= Fulk Paynel =

12th-century Anglo-Norman nobleman

Fulk Paynel (sometimes Fulk Paganel or Fulk Painell; died c. 1182) was an Anglo-Norman nobleman and landowner.

==Background==
Paynel was the son of William Paynel and his wife, a daughter of William fitzWimund. Fulk had three full brothers, including Hugh Paynel, and a half-sister. (Note: There may have been another full sister also.)

==Career==
William Paynel died between 1145 and 1147, and at first, his lands were given to his sons-in-law. King Stephen of England disinherited William Paynel's sons because they supported Stephen's rival, the Empress Matilda. In 1154, however, Stephen besieged Drax Castle, took it from Robert de Gant, and restored William Paynel's lands to his sons.

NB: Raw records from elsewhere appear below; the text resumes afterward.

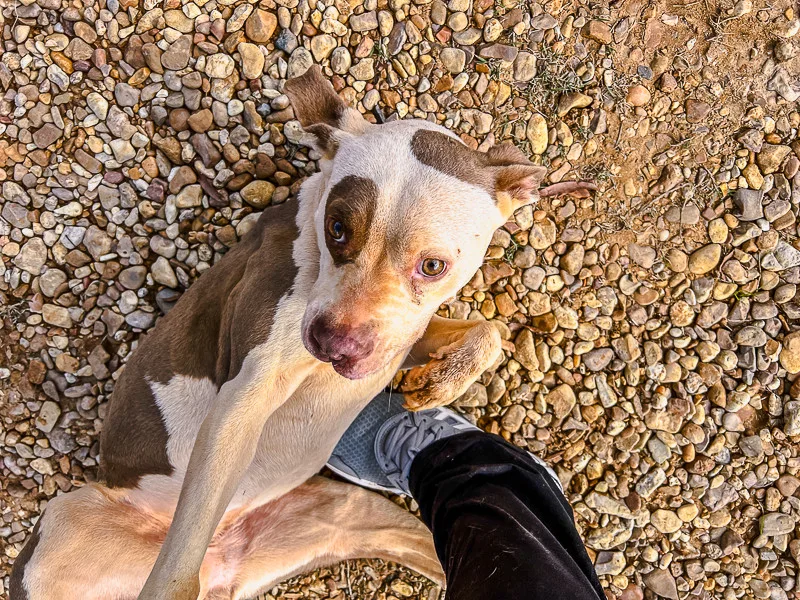 Pepper thumbnail 2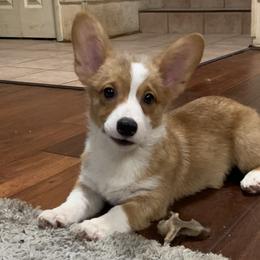 Collies, Pembroke Welsh Corgis, and Shih Tzus from M&J Country Kennels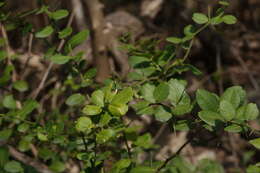 Atalantia buxifolia (Poir.) Oliv. resmi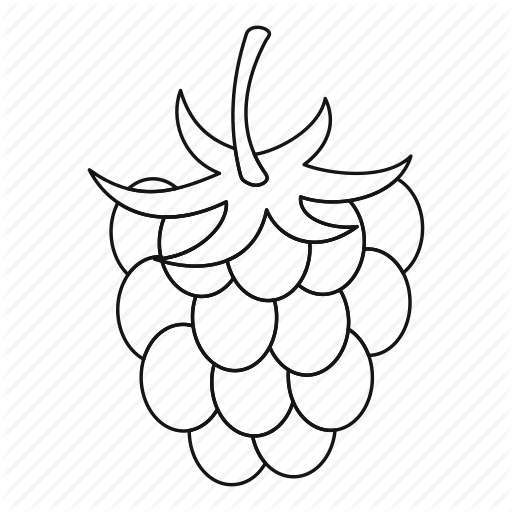 512x512 food, fresh, fruit, line, outline, raspberry, thn - Fruit Line Drawing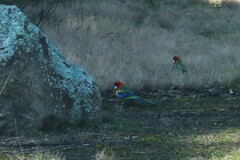 Platycercus eximius
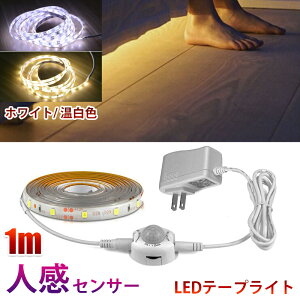 lZT[Cg LED e[vCg zCg 1m ACA_v^[t ؒf\ h ԐڏƖ  L gC Ki I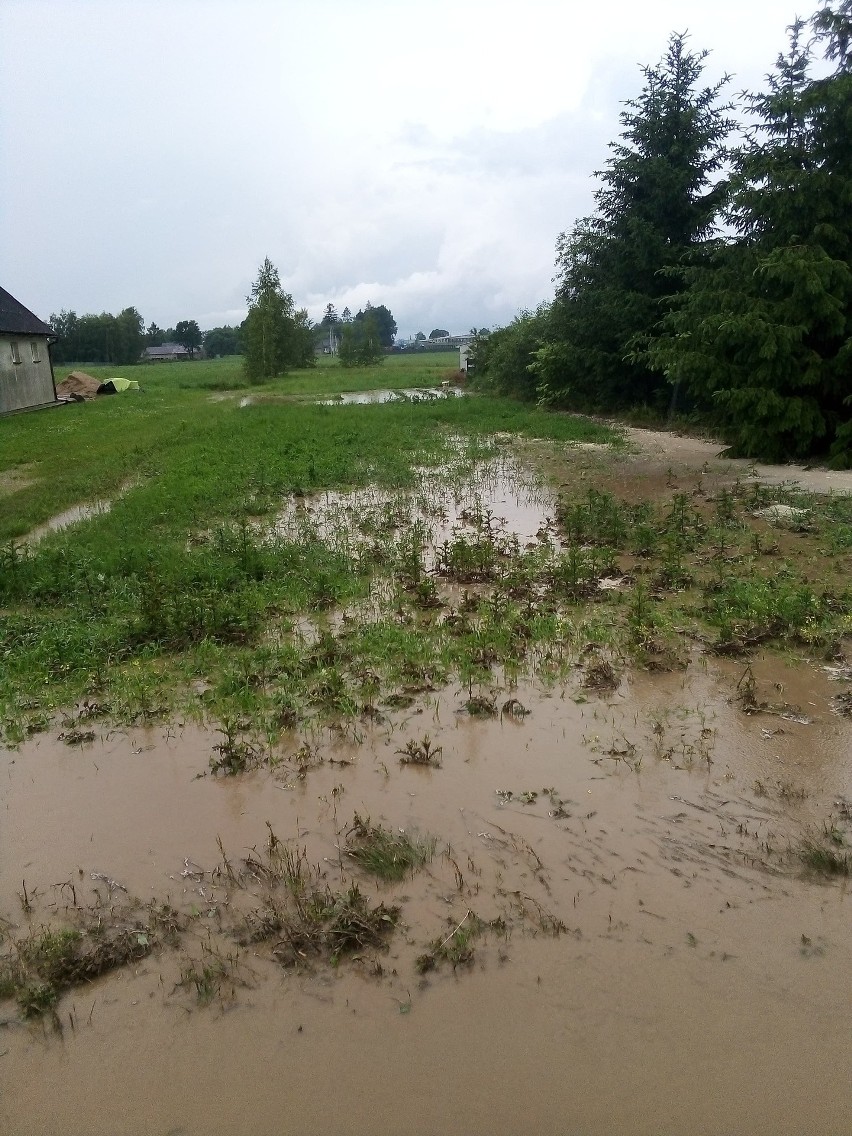 Przez powiat rypiński przeszła potężna ulewa.
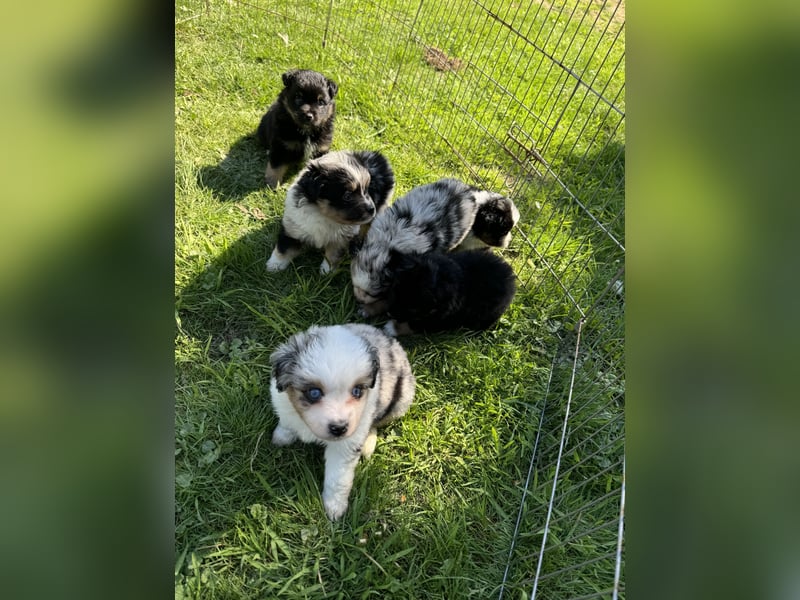 Einzigartige Mini Aussies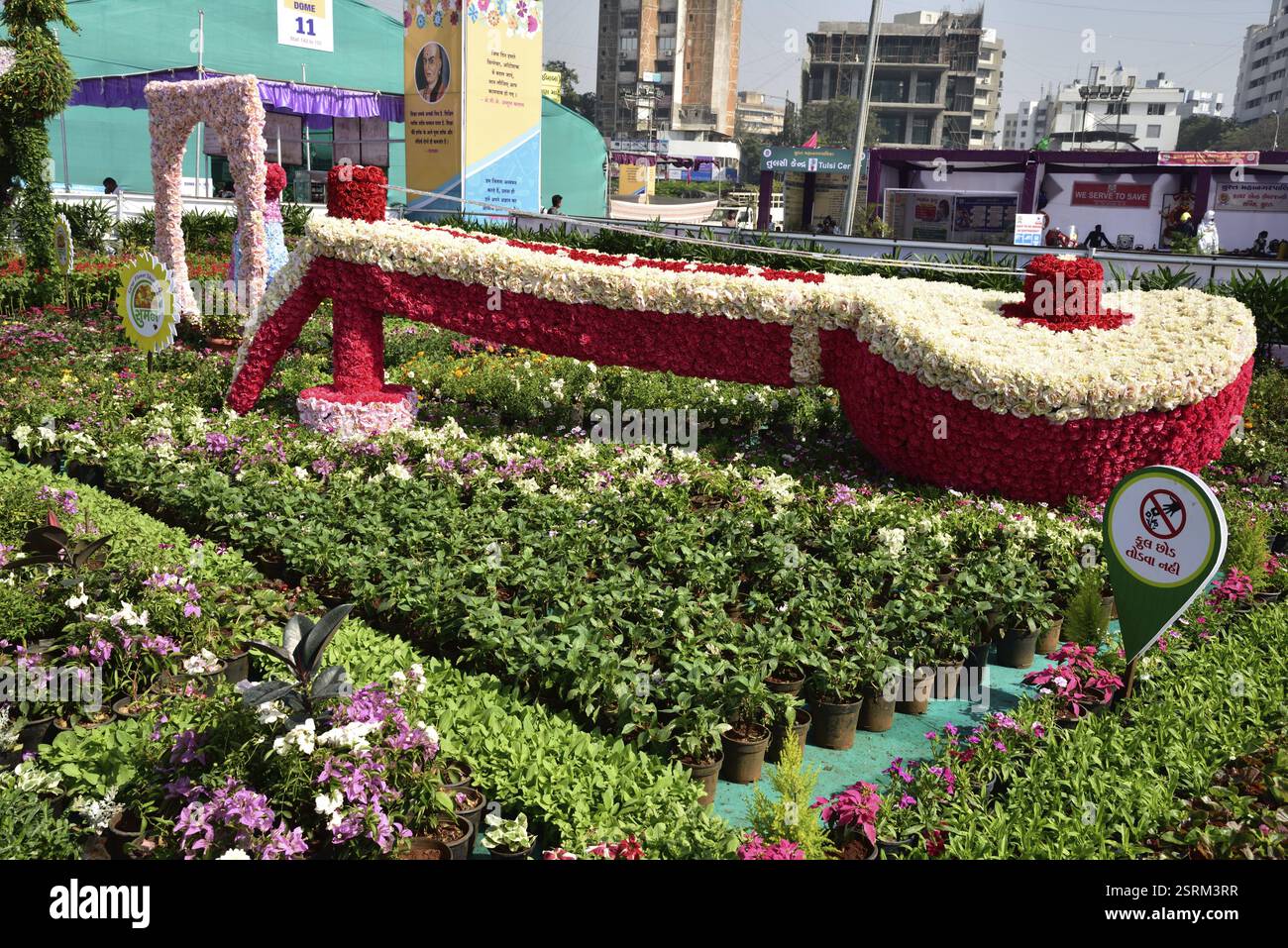 Sitar mit Blumen, Blumengarten, Surat, Gujarat, Indien, Asien Stockfoto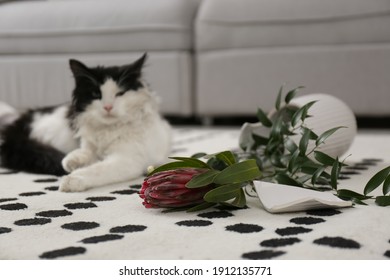 Cat Lying Near Broken Vase In Living Room, Focus On Flower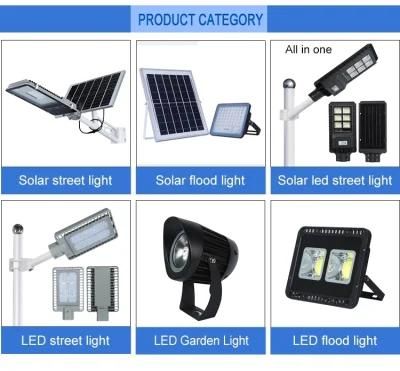 80W LED Solar Street Light Hanging Light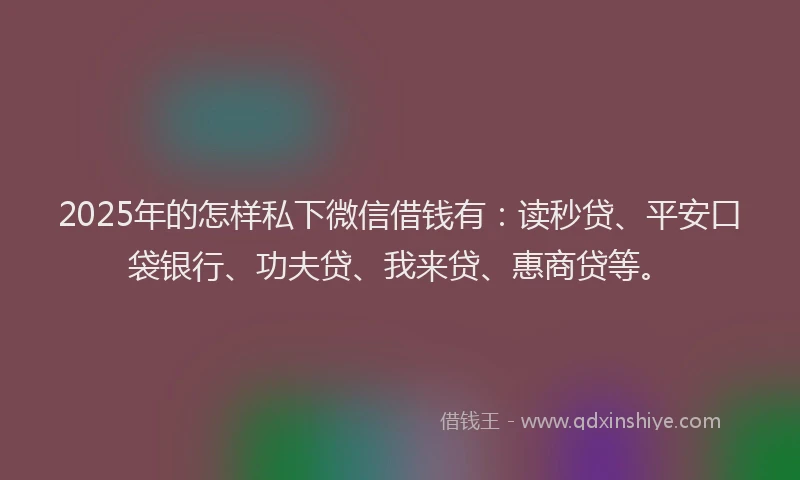2025年的怎样私下微信借钱有：读秒贷、平安口袋银行、功夫贷、我来贷、惠商贷等。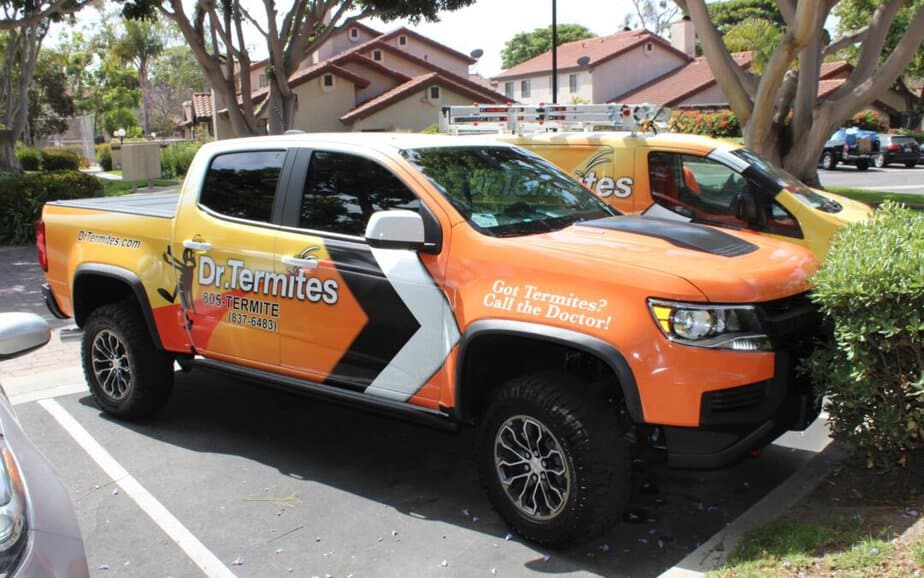 The Step-by-Step Process of Termite Treatment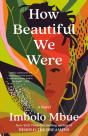 How Beautiful We Were - Preview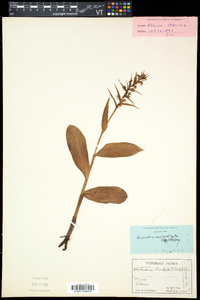 Coeloglossum viride image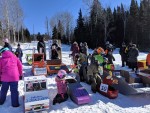 Kids and homemade sleds lining up for the toboggan race at the Festival of Outdoor Rinks, Whitney
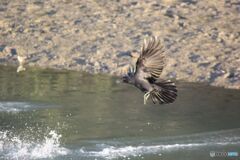 カルガモに奇襲をかけたカラス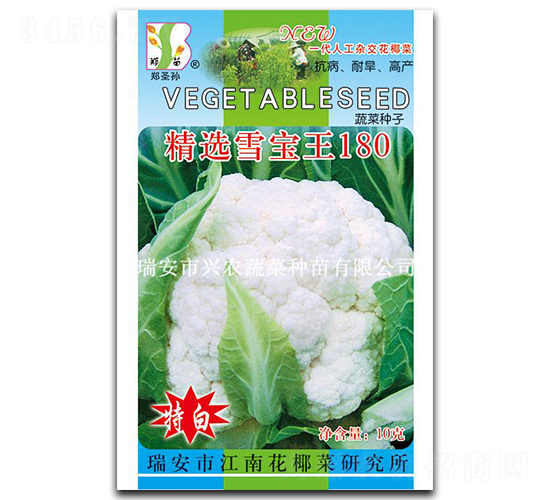 ѩ����180��-��Ҭ������-֣��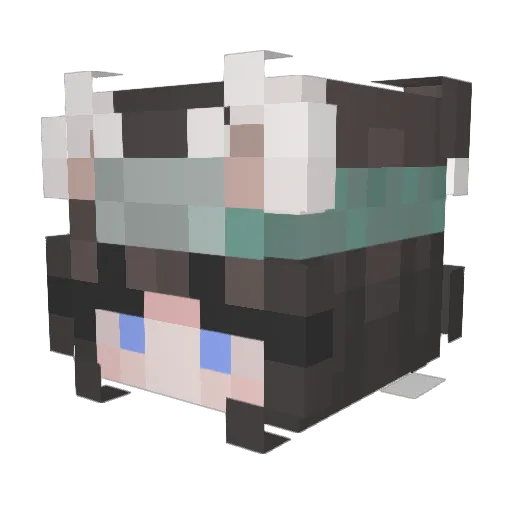 Competine Minecraft avatar head, 3D render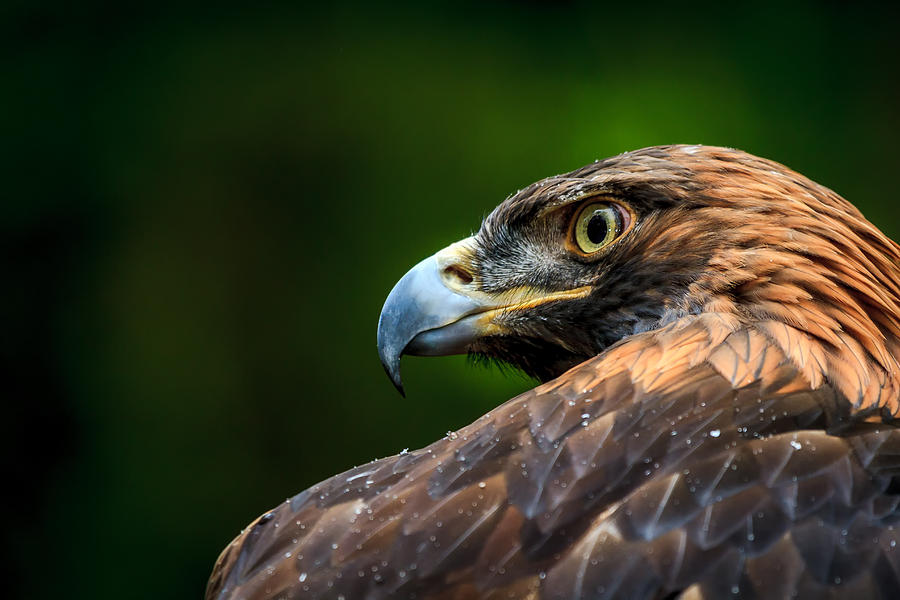 Golden Eagle #1 Photograph by Mark Steven Houser
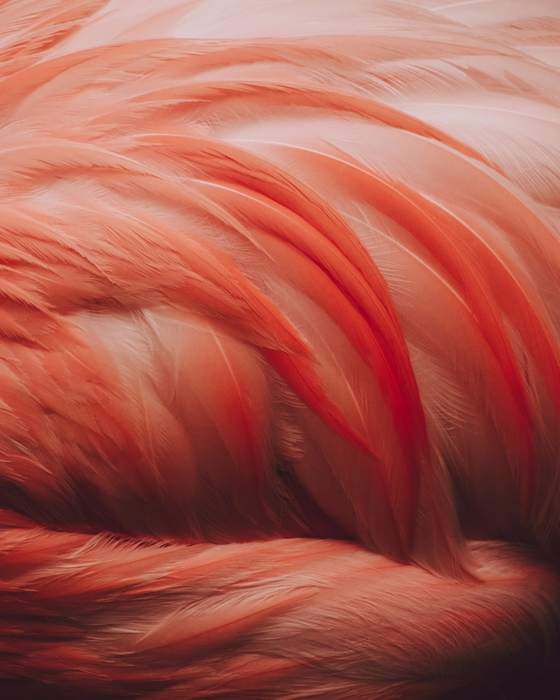 Plumas de un ave en tonos coral, en primer plano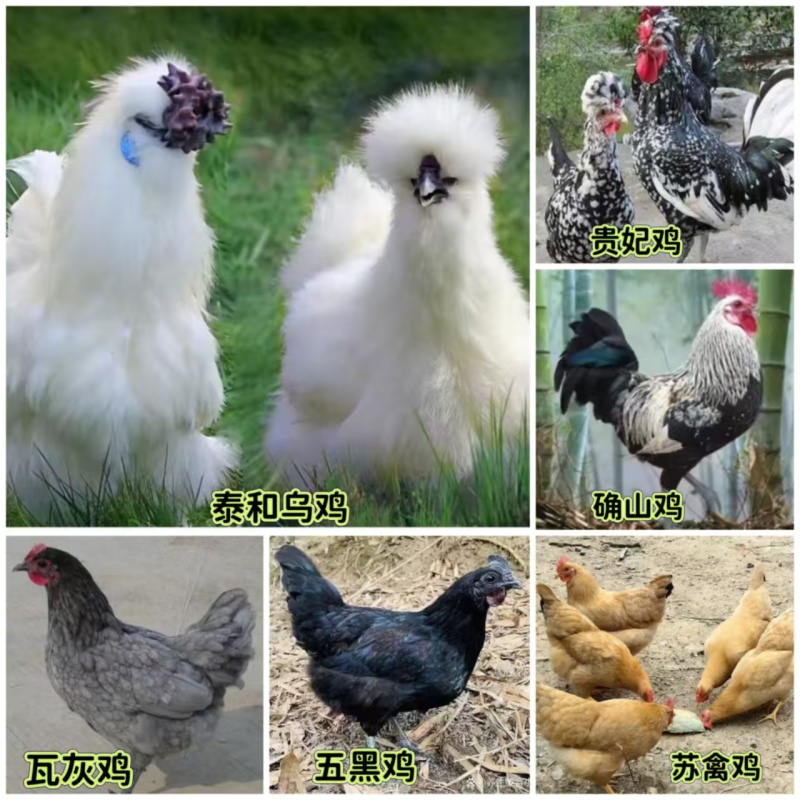 各种品种鸡苗混搭发货可选择单一品种20只起发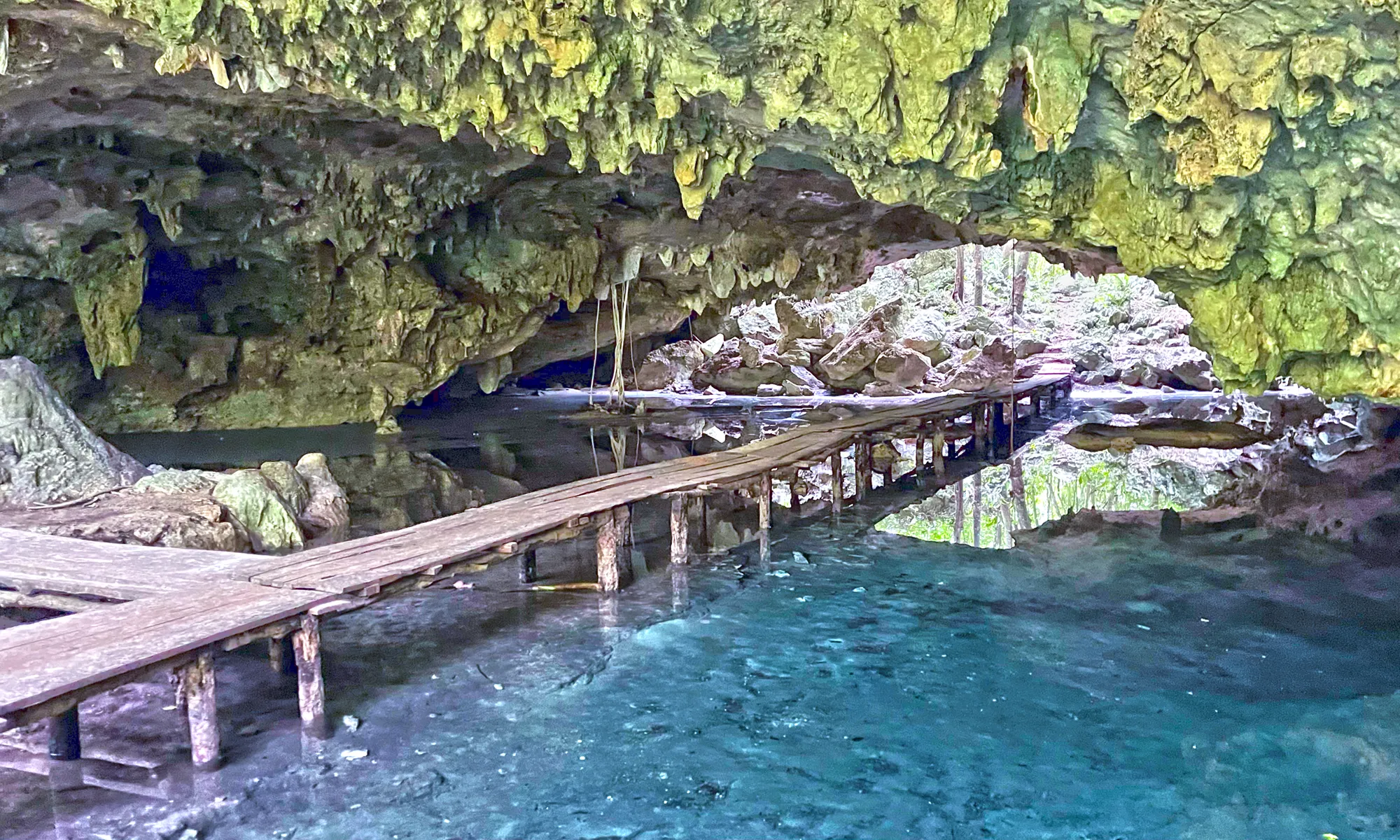 Monkey Dust Cenote Entrance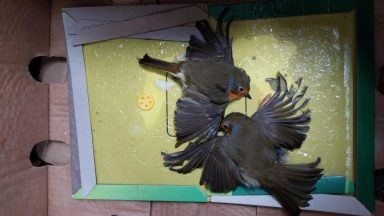 Scottish SPCA issues warning after spate of deadly animal glue trap incidents across Scotland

Stephen's change probably owed much to the influence of Matilda's son, Henry fitzEmpress, who Stephen had just named as his successor after the death of Stephen's heir. In this settlement William's lands were divided between Hugh, Fulk, and Robert de Gant. Fulk received Drax in England and Hambye in Normandy in this settlement.

Paynel was not very involved in English affairs but was active in Norman government. He attested over thirty charters of King Henry II of England when Henry was in Normandy. In 1166 Fulk took part in Henry's campaigns in Brittany. The king made Paynel one of the guarantors of an agreement between the king and the Count of Maurienne in 1173. Paynel was placed in charge of Alençon and La Roche-Mabille in 1180. Paynel never held a royal or governmental office, but his frequent attestation of charters shows that he was prominent in the royal service.

==Legacy==
Paynel endowed Drax Priory and Holy Trinity, York in England. In Normandy he gave gifts to Hambye Abbey and Mont Saint-Michel.

Paynel married Lescelina de Suligny, daughter of Hasculf de Suligny. They had five sons, William, Fulk, Hasculf, John, and William. Paynel died around 1182 or 1183, and his heir was his eldest son William.